1 files changed, 62 insertions, 27 deletions
diff --git a/libsolidity/parsing/Scanner.cpp b/libsolidity/parsing/Scanner.cpp
index dbe1f389..e9dad2ad 100644
--- a/libsolidity/parsing/Scanner.cpp
+++ b/libsolidity/parsing/Scanner.cpp
@@ -214,9 +214,9 @@ void Scanner::addUnicodeAsUTF8(unsigned codepoint)
 }
 
 // Ensure that tokens can be stored in a byte.
-BOOST_STATIC_ASSERT(Token::NUM_TOKENS <= 0x100);
+BOOST_STATIC_ASSERT(TokenTraits::count() <= 0x100);
 
-Token::Value Scanner::next()
+Token Scanner::next()
 {
 	m_currentToken = m_nextToken;
 	m_skippedComment = m_nextSkippedComment;
@@ -225,7 +225,7 @@ Token::Value Scanner::next()

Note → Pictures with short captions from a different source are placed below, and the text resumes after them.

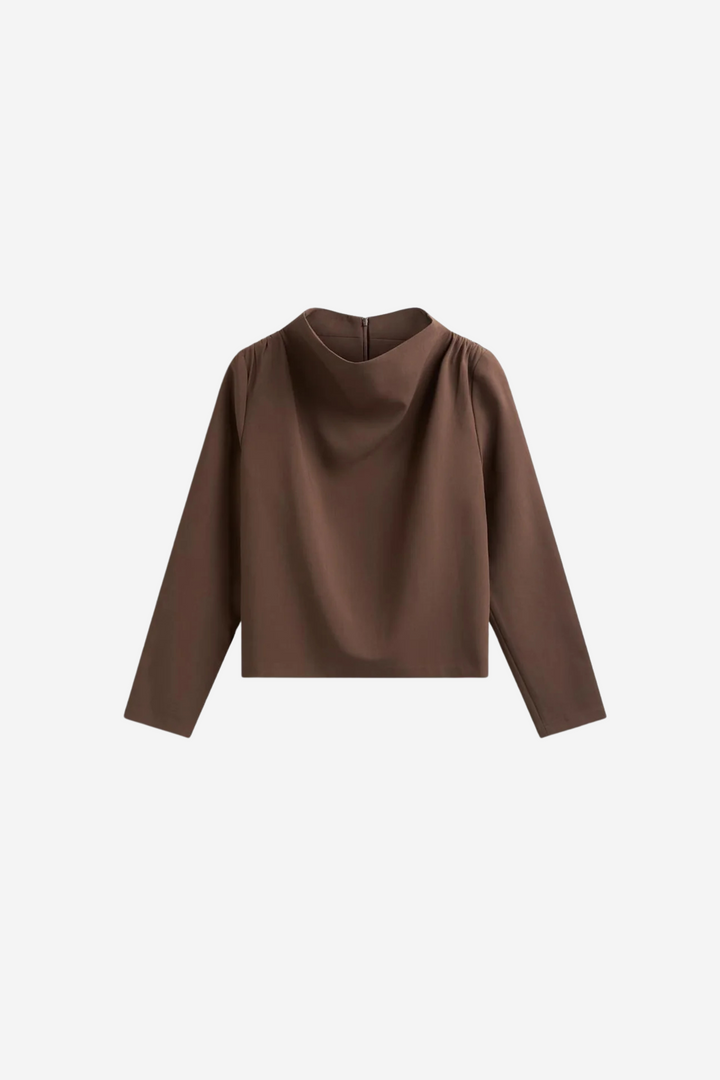 Iben Bluser & Skjorter Beverly Top Brown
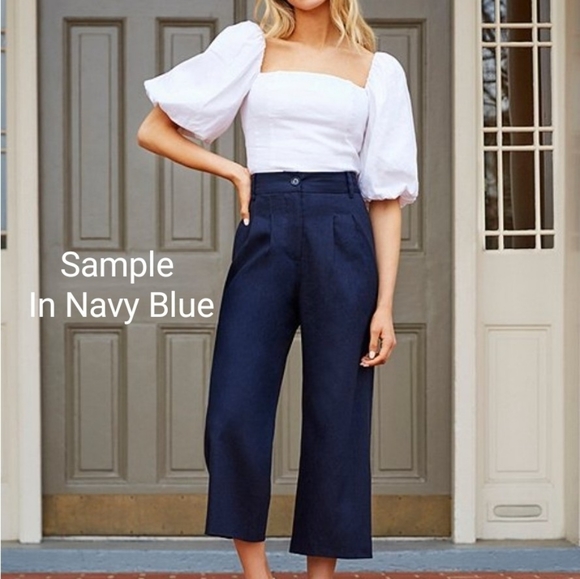 high-waisted cropped bubblegum pink pants (2) - Picture 10 of 11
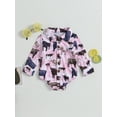 thumbnail image 2 of Bagilaanoe Newborn Baby Girl Boy Rompers Shirts Print Long Sleeve Bodysuit 3M 6M 9M 12M 18M Infant Cute One Piece Jumpsuits, 2 of 9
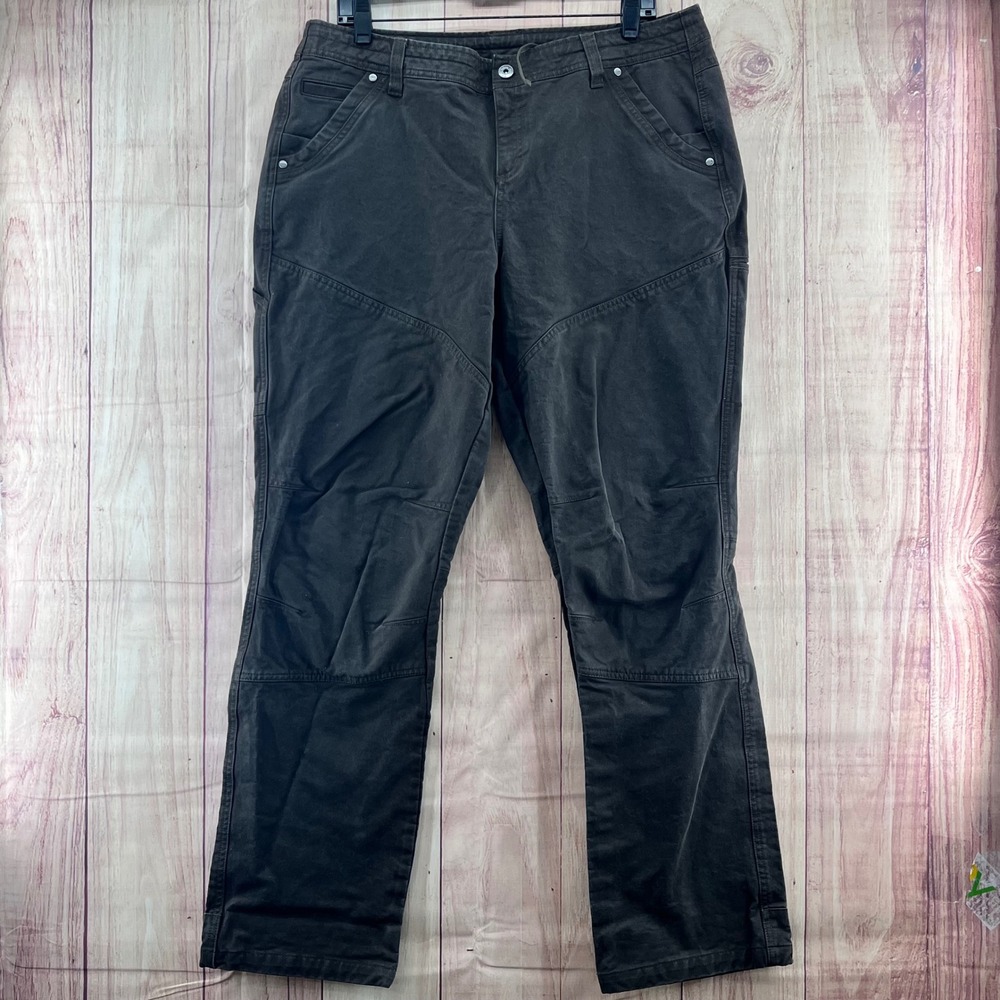 KUHL Women's Size 16 Reg Brown Utility Cargo Pants Outdoor Adventure Hiking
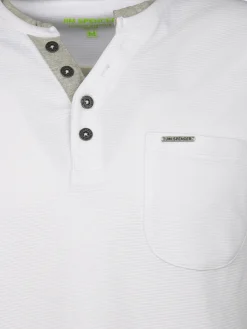Herren Jim Spencer Herren Shirt mit Rippstruktur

 	return m_currentToken.token;
 }
 
-Token::Value Scanner::selectToken(char _next, Token::Value _then, Token::Value _else)

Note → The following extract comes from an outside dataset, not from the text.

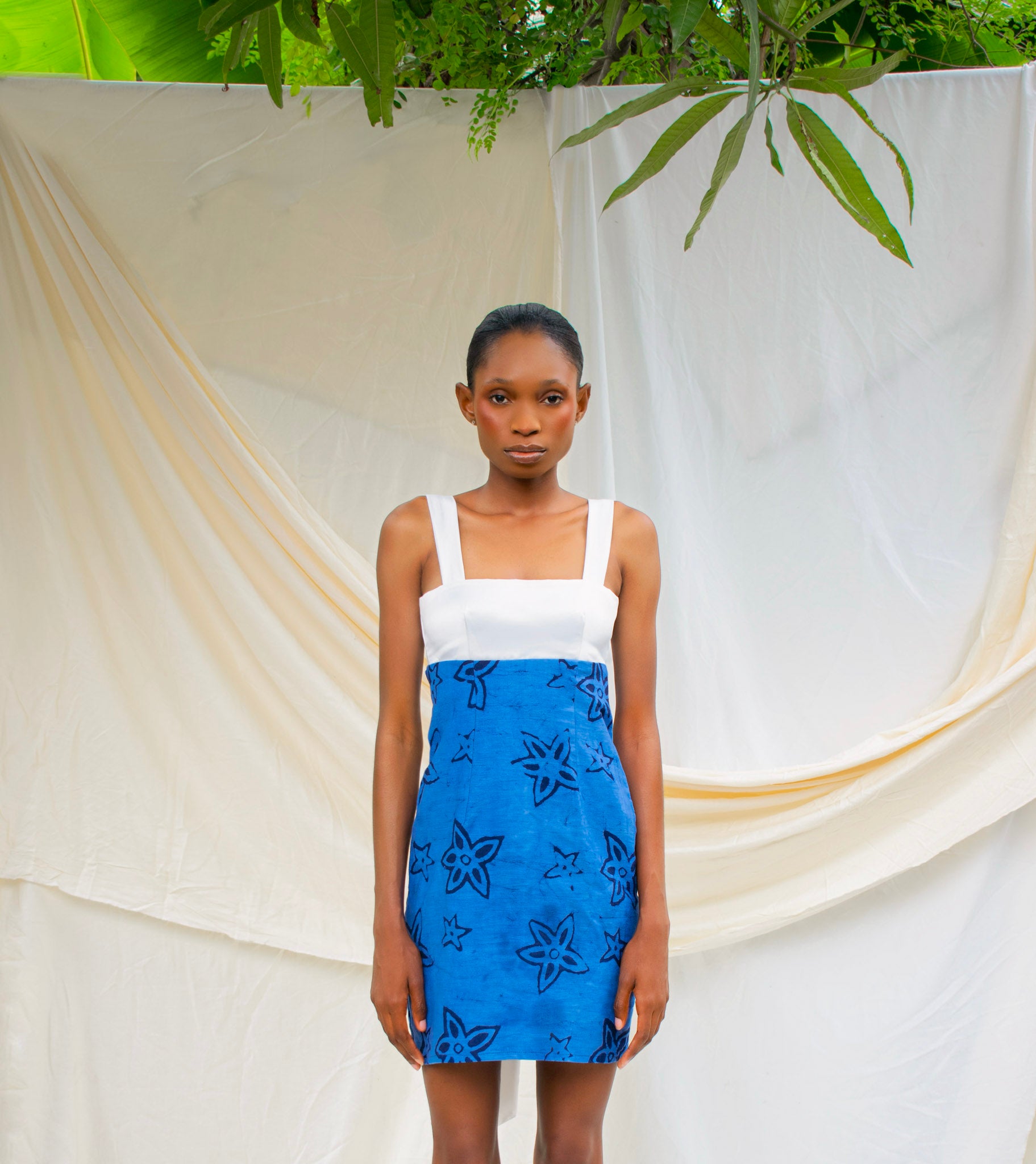 Batik Mini Dress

+Token Scanner::selectToken(char _next, Token _then, Token _else)
 {
 	advance();
 	if (m_char == _next)
@@ -249,7 +249,7 @@ void Scanner::skipWhitespaceExceptUnicodeLinebreak()
 		advance();
 }
 
-Token::Value Scanner::skipSingleLineComment()
+Token Scanner::skipSingleLineComment()
 {
 	// Line terminator is not part of the comment. If it is a
 	// non-ascii line terminator, it will result in a parser error.

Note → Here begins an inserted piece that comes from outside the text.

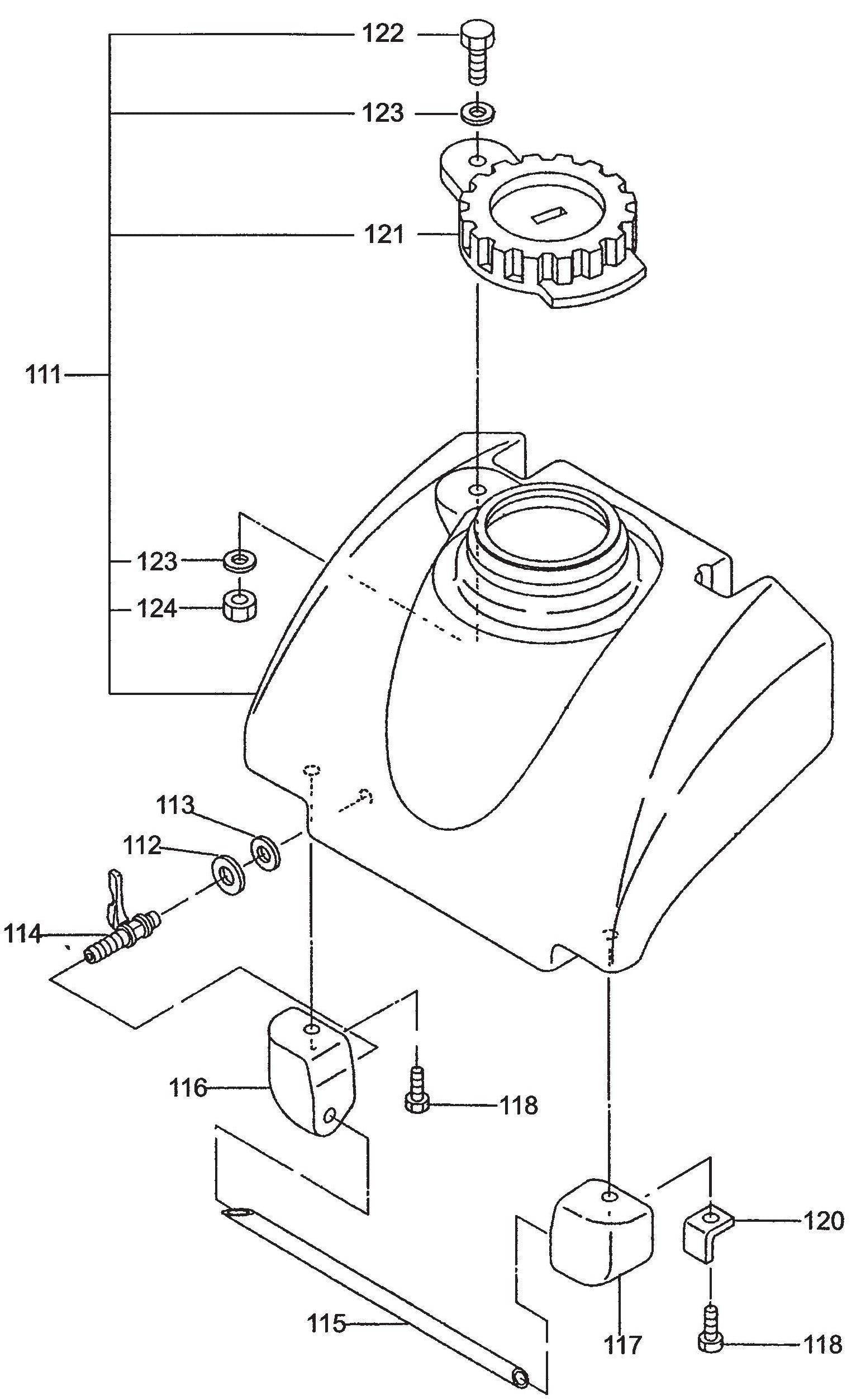 MVC98D2Water Tank Assembly Parts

@@ -259,7 +259,7 @@ Token::Value Scanner::skipSingleLineComment()
 	return Token::Whitespace;
 }
 
-Token::Value Scanner::scanSingleLineDocComment()
+Token Scanner::scanSingleLineDocComment()
 {
 	LiteralScope literal(this, LITERAL_TYPE_COMMENT);
 	advance(); //consume the last '/' at ///
@@ -295,7 +295,7 @@ Token::Value Scanner::scanSingleLineDocComment()
 	return Token::CommentLiteral;
 }
 
-Token::Value Scanner::skipMultiLineComment()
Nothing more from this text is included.